I looked everywhere I could think of for that earring ― under the rugs, under the bed, under the couch.  I even pulled out the refrigerator.  I half expected to see it fall out of the sheets when I did the laundry last weekend because we regularly wake up with kitty toys under the blanket ― but no earring.  

So,  I decided while I was cleaning the house today I would also inspect and vacuum all the hot air registers in the floor just in case while they were playing floor hockey with my earring, it slipped down the grate.  I stuck my nose down 11 holes in the floor searching for a silver earring and then listened carefully for a rattle in case I sucked it up with over a year’s worth of dead spiders, fur balls and grit.  No earring.  I knew it had to be somewhere because it had not appeared in the kitty litter ― not yet anyway.  

As I was cleaning our bedroom floor I decided to move the dresser away from the wall, just in case my earring was hiding there.  I didn't find my earring, but I did find the mother-load of kitty toys.  

Turns out searching the toy bins for kitty toys wouldn’t have made a difference anyway, and if it wasn’t for my missing earring we wouldn’t have clean hot air registers which I’m sure will keep us much healthier this winter because we won’t be breathing in all the small particles of fur and skin that would have been blowing out of the vents, so we’ll be able to do more skiing, which will make us even more healthy and fit, which will give me more energy, so I might feel like cleaning the vents more often, and cleaning under the dresser more often, and hey … do you think the kitties hid my earring on purpose so I’d do a better job of cleaning and find their toys?
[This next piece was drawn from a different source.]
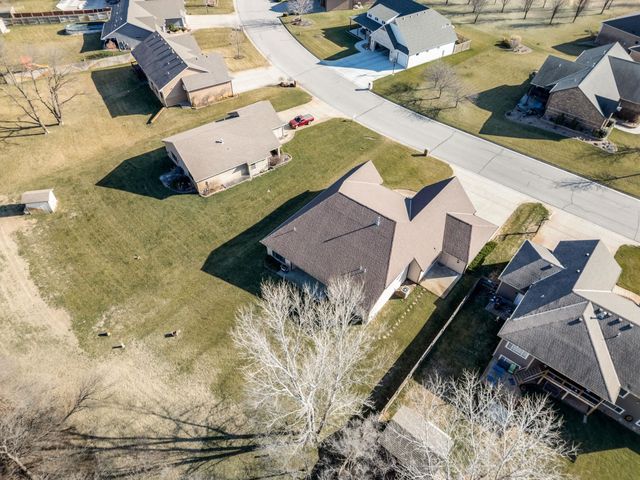 214 E Timber Creek St, Haysville, KS 67060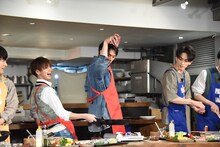 高い打点からフライパンにケチャップを入れる鈴木伸之。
Anyway, I pulled out the toys and swept the pile of dirt over into another growing pile of dust and dirt so I could vacuum it up.   Somehow during all this sweeping I unknowingly swept up my earring.  I think it must have been so covered in fur balls that I didn’t see it until just before I moved the nozzle of the vacuum in front of it and swwwoooooped it up.  The good thing is it was just a little too heavy to make it all the way to the bag but was lying in that place where the bag attaches to the vacuum so I didn’t have to sit outside on a snow-covered deck sorting through all the dead spiders and dead skin and fur and really, really gross stuff I’d been vacuuming up.

And now the kitties think it’s Christmas, I have my earring back and everything is peaceful.  At least until the kitties learn to open drawers with their tiny little teeth ...

or I hear “AAAAAAAAAAhhhhhhhhhhhhhhhhh!!!!!!” from the kitchen and I have to dig out the mop again.



Art Elser said...

Yes, Kath and I have reached that point in our marriage where we can intuit the word the other one is trying to retrieve from the dark recesses of the brain. The good think is that we know the word the other one wants, but can't think of it ourselves either. But we know what the other one means. Sometimes that rather scary, probably more scary for Kath than me, given the weird thoughts I often have.

Just think of how much less funny your posts would be without the two kitties. Can you imagine the funnies Al and Les could come up with if they paid more attention to their six kitties--at least six the last count I made.

Abby said...

Christmas comes early for the Stilwell family. That's a lot of toys. I wonder where all Navy's toys are hidden. It really doesn't make me what to deep clean and find out, though. I'm not missing any earings, yet.